__What is required__: Somewhere below are a line with "Rick Steves German" and a later line with "Dreamers in Hell (Janet Morris)". Output exactly those lines and all lines between them.

Records from a collection

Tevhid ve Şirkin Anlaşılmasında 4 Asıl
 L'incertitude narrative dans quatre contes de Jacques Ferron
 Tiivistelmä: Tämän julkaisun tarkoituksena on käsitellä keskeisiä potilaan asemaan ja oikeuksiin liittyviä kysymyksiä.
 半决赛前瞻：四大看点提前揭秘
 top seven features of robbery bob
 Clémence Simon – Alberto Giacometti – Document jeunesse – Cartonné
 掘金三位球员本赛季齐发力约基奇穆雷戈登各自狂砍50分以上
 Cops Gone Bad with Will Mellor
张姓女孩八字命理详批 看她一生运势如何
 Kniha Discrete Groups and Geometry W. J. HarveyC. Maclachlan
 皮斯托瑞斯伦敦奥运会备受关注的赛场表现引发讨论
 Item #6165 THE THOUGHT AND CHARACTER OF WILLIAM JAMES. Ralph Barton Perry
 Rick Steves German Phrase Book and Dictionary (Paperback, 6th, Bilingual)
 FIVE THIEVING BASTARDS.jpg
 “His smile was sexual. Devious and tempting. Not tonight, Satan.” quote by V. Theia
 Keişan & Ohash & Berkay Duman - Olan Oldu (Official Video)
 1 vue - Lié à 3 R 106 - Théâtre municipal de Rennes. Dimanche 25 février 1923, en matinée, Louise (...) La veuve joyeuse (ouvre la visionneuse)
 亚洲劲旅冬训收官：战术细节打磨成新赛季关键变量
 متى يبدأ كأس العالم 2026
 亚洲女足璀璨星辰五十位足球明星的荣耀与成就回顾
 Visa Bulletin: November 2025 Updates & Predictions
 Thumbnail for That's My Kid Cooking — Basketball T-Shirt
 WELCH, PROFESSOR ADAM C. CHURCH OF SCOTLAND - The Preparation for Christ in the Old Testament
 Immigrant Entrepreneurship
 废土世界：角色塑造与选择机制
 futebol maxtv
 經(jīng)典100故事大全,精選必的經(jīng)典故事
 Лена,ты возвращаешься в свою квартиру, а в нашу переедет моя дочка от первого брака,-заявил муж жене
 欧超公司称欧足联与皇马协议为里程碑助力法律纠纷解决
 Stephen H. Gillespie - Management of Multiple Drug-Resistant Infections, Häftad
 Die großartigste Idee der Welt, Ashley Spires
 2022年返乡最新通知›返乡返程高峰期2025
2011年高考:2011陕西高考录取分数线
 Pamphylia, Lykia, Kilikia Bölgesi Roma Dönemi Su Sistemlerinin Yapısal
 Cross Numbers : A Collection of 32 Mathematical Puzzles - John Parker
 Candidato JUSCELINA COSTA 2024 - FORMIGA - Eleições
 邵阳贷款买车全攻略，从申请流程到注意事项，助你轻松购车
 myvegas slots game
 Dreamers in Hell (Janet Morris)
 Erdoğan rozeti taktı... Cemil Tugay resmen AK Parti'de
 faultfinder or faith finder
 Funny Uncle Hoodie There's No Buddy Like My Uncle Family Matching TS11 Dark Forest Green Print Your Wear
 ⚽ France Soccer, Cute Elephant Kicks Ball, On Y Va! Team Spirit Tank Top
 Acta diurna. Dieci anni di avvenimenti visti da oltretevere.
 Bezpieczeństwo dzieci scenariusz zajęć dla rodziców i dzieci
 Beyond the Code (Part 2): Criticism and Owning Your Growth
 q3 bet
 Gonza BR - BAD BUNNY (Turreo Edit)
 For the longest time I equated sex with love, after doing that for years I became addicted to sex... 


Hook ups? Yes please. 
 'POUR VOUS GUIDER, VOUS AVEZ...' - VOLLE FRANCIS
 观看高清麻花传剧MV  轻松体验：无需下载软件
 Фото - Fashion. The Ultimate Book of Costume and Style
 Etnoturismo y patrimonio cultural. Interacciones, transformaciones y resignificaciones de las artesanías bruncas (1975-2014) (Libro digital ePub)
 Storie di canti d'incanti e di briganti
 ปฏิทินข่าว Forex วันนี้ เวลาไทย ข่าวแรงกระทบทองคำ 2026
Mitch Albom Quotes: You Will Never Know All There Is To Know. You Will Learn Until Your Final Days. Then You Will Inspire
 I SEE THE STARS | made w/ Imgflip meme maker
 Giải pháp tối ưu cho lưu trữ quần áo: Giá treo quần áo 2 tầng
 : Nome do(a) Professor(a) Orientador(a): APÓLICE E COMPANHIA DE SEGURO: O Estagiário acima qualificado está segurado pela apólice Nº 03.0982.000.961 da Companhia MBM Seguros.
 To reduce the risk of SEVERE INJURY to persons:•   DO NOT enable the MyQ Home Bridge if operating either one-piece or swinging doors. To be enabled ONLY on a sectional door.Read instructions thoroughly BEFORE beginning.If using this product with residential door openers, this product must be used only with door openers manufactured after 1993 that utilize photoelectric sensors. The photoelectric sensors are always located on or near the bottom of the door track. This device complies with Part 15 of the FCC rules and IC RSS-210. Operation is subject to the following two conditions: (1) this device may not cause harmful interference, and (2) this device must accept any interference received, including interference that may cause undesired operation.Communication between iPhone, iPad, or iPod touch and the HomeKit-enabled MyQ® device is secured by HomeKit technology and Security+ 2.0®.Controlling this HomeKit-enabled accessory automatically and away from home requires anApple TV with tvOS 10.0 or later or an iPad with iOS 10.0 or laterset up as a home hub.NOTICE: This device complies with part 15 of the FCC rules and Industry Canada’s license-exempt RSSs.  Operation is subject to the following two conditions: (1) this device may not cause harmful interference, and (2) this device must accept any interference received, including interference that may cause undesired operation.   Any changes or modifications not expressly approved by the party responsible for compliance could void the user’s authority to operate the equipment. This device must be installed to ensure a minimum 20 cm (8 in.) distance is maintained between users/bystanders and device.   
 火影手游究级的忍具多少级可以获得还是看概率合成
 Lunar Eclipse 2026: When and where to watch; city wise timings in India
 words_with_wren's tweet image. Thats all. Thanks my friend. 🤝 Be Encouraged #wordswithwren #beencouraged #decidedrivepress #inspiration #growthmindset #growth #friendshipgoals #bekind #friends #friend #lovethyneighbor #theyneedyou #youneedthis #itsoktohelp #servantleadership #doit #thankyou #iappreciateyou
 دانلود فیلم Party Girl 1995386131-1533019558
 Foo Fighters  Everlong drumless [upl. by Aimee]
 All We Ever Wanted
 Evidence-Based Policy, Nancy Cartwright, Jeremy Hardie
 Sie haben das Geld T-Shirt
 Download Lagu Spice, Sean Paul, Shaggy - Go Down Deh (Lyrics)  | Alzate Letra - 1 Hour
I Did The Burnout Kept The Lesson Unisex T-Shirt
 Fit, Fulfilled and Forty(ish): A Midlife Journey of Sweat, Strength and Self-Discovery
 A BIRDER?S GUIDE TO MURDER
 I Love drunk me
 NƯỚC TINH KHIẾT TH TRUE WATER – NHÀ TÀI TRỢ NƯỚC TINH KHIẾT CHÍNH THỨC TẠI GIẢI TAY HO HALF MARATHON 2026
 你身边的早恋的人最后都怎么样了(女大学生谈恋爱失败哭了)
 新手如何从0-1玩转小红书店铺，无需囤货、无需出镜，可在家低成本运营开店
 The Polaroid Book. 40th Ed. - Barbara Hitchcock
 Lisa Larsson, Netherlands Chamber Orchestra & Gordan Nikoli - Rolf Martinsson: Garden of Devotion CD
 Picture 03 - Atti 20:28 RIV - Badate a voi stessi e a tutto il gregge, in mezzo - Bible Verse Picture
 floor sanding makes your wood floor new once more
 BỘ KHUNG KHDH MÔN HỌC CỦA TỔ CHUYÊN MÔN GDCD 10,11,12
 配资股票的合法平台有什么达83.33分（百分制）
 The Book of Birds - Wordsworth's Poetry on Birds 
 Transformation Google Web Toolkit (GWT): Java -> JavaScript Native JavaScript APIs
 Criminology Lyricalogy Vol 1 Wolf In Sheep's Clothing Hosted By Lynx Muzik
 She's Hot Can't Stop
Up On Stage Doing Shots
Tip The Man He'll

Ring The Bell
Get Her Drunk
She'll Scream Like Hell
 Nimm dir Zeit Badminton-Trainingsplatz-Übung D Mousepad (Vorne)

__Solution to this exercise__:
 Rick Steves German Phrase Book and Dictionary (Paperback, 6th, Bilingual)
 FIVE THIEVING BASTARDS.jpg
 “His smile was sexual. Devious and tempting. Not tonight, Satan.” quote by V. Theia
 Keişan & Ohash & Berkay Duman - Olan Oldu (Official Video)
 1 vue - Lié à 3 R 106 - Théâtre municipal de Rennes. Dimanche 25 février 1923, en matinée, Louise (...) La veuve joyeuse (ouvre la visionneuse)
 亚洲劲旅冬训收官：战术细节打磨成新赛季关键变量
 متى يبدأ كأس العالم 2026
 亚洲女足璀璨星辰五十位足球明星的荣耀与成就回顾
 Visa Bulletin: November 2025 Updates & Predictions
 Thumbnail for That's My Kid Cooking — Basketball T-Shirt
 WELCH, PROFESSOR ADAM C. CHURCH OF SCOTLAND - The Preparation for Christ in the Old Testament
 Immigrant Entrepreneurship
 废土世界：角色塑造与选择机制
 futebol maxtv
 經(jīng)典100故事大全,精選必的經(jīng)典故事
 Лена,ты возвращаешься в свою квартиру, а в нашу переедет моя дочка от первого брака,-заявил муж жене
 欧超公司称欧足联与皇马协议为里程碑助力法律纠纷解决
 Stephen H. Gillespie - Management of Multiple Drug-Resistant Infections, Häftad
 Die großartigste Idee der Welt, Ashley Spires
 2022年返乡最新通知›返乡返程高峰期2025
2011年高考:2011陕西高考录取分数线
 Pamphylia, Lykia, Kilikia Bölgesi Roma Dönemi Su Sistemlerinin Yapısal
 Cross Numbers : A Collection of 32 Mathematical Puzzles - John Parker
 Candidato JUSCELINA COSTA 2024 - FORMIGA - Eleições
 邵阳贷款买车全攻略，从申请流程到注意事项，助你轻松购车
 myvegas slots game
 Dreamers in Hell (Janet Morris)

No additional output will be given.